As 2020 Comes To A Close

Appalachian Mountain Dulcimers by Doug Berch in progress.

As the year comes to a close, I have several dulcimers in the home stretch. My dulcimer design continues to evolve, and I have recently begun preparing to build a new model or two or three in addition to my standard and baritone dulcimers.

Over time, I have learned that I was not made for embracing mass production, and I no longer worry about how to make more dulcimers in less time. Instead, I am continually taking steps towards older technology and methods of luthierie, woodworking, and finishing techniques that have stood the test of time. The older methods work well, but some of them (not all) take more time and require skills that appeal to me more than the skills required to use modern technology.

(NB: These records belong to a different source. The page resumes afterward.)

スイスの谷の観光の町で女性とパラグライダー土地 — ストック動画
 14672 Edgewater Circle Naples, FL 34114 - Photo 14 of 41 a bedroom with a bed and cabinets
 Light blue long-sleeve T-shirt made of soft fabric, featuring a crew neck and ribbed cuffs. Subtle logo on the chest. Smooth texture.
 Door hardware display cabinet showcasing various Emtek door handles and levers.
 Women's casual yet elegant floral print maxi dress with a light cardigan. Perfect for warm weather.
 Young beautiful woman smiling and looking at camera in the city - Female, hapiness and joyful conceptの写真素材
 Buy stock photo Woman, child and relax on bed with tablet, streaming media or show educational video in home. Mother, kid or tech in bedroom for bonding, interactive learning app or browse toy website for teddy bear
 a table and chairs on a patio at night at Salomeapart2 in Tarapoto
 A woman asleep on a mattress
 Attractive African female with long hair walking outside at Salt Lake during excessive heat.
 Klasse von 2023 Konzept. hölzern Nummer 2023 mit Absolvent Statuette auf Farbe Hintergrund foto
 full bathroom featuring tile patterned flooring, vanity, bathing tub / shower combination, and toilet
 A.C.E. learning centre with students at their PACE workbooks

In the coming year, I hope to be using primarily old-school, non-toxic finishes. Tests on wood samples are beautiful visually, and I am near completion on the first dulcimer that will be the test for how a new “old” finish sounds. As I carried the dulcimer across the workshop the other day, I could easily feel voices from the radio resonating in the dulcimer, and that is always a good sign!

I am also honing the skills to leave more wood surfaces as they look and feel straight from a hand tool rather than how they look after sanding. This is common in violin making, but less often seen in modern fretted instruments. Sandpaper will still be a part of my life, but it is not needed as much as one would think. Scrapers and files can leave a lovely surface and are quiet and far less messy.

This is how I like to work. It makes me happy.

I wish you all a happy and healthy Holiday season. Please keep yourself and others safe.

I regularly post about dulcimers in progress on Instagram and you can follow me there for thrills and chills!

What’s On The Bench – January 14th, 2019

Shaping dulcimer braces with edge tools.

Last night I realized this blog started in 2007 when I returned to dulcimer making following a 25 year detour. Since then my dulcimer designs and methods of work have continually evolved and this shows no sign of changing. This makes me happy!

As I continue to learn and develop skill with hand tools I am drawn deeper into older methods of work. Shaping wood with sharp tools appeals to me and I find comfort in knowing that if the power goes out I will still be able to work!

In the photograph above I have just finished shaping a spruce back brace. The shaping began with a low-angle block plane, then a finger plane, and finally a scraper. The next step will be tapering the ends of the brace with a chisel and fitting them into the side kerfing.

There was a time I felt obligated to sand back braces because I worried some imaginary person might think my braces looked rough because I “skipped” sanding them. Lately I think differently; I see the small facets on the brace that show I shaped them with edge tools. I see the slight irregularities edge tools leave behind. I see that I had been there and I had done something. Again, this makes me happy.

None of this means I will never sand braces again. It means I like following my intuition and inspiration. Creativity is never static.